> **PROBLEM DESCRIPTION**
Retype the entries exactly; omit all pictures.

BEGIN EXTRACTED MATERIAL

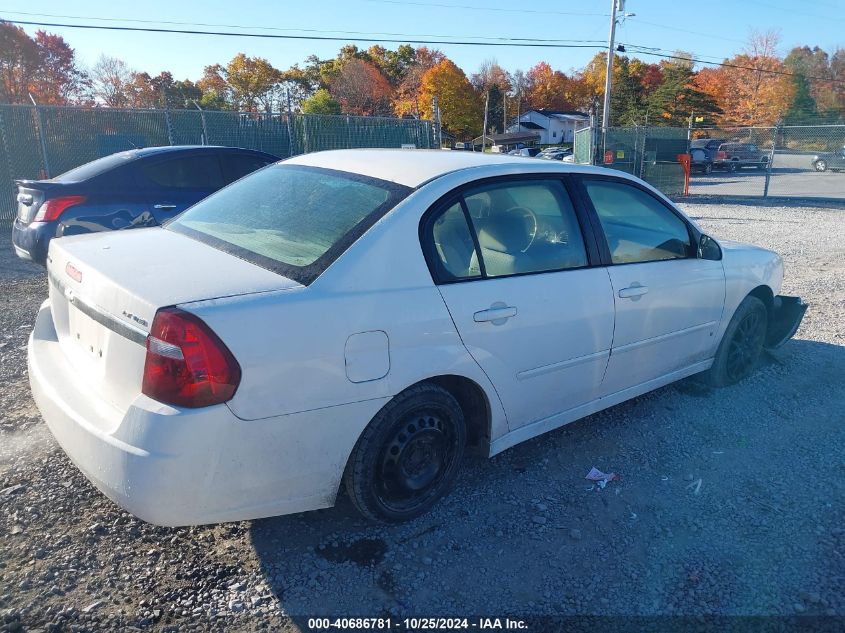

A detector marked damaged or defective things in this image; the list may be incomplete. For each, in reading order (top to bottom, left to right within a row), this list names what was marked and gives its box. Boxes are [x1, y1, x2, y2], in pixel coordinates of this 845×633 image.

damaged rear bumper [764, 296, 804, 348]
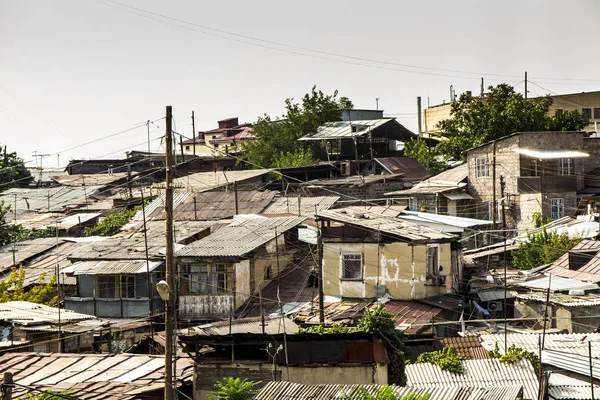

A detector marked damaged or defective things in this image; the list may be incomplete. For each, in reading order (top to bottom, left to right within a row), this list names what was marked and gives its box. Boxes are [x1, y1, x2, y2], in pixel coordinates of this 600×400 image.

rusty metal roof [173, 217, 304, 258]
rusty metal roof [316, 208, 452, 242]
rusty metal roof [0, 352, 193, 398]
rusty metal roof [255, 382, 524, 400]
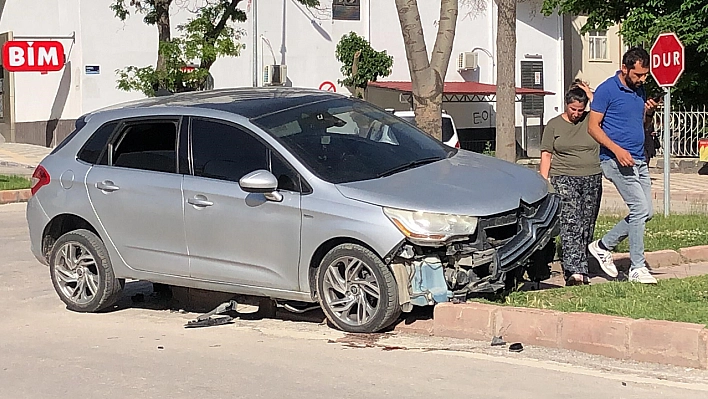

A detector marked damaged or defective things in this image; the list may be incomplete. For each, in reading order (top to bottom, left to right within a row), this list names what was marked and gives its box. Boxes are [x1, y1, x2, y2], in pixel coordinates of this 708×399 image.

crumpled hood [336, 151, 548, 219]
broken headlight [384, 208, 478, 245]
damaged front bumper [388, 193, 560, 310]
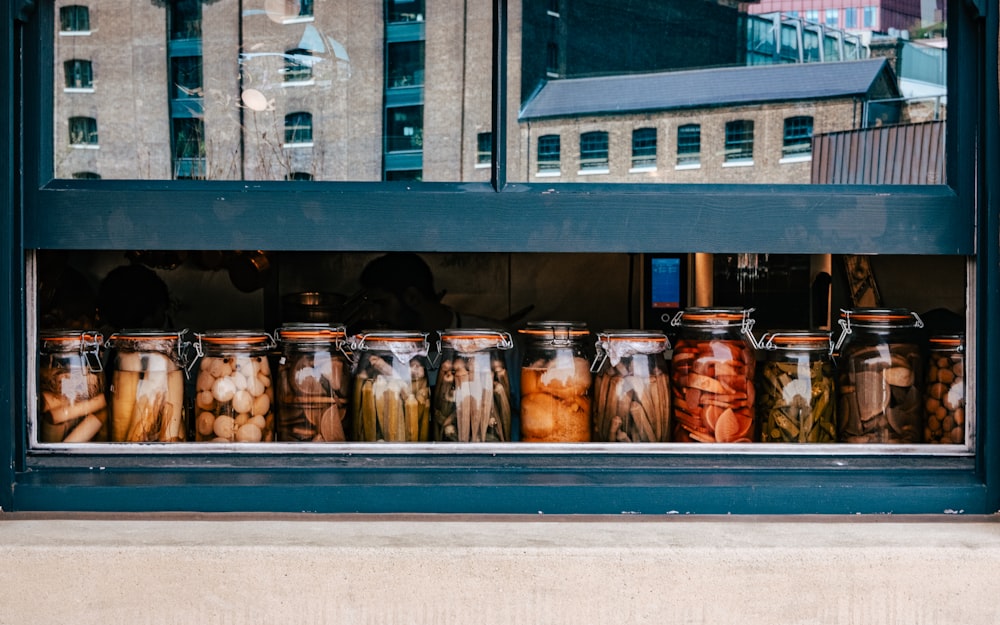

END EXTRACTED MATERIAL

> **RESPONSE TO THIS EXERCISE**
A detector marked damaged or defective things in this image; the list may be incomplete. For each, in reading order (top to bottom, left to right within a row), this list names what was marked and gives its box. Boxes are [x1, y1, x2, y2], in pixel coordinates of this 845×633 image.

damaged rear bumper [764, 296, 804, 348]

A detector marked damaged or defective things in this image; the list may be incomplete. For each, in reading order (top to bottom, left to right within a row), this list names what was marked and gives its box. Boxes are [x1, y1, x2, y2], in pixel coordinates of this 600×400 image.

rusty metal roof [173, 217, 304, 258]
rusty metal roof [316, 208, 452, 242]
rusty metal roof [0, 352, 193, 398]
rusty metal roof [255, 382, 524, 400]

A detector marked damaged or defective things in this image; the list may be incomplete. For each, in reading order (top to bottom, left to right within a row), this list names what was marked and gives its box. Boxes are [x1, y1, x2, y2], in pixel coordinates of this 708×399 image.

crumpled hood [336, 151, 548, 219]
broken headlight [384, 208, 478, 245]
damaged front bumper [388, 193, 560, 310]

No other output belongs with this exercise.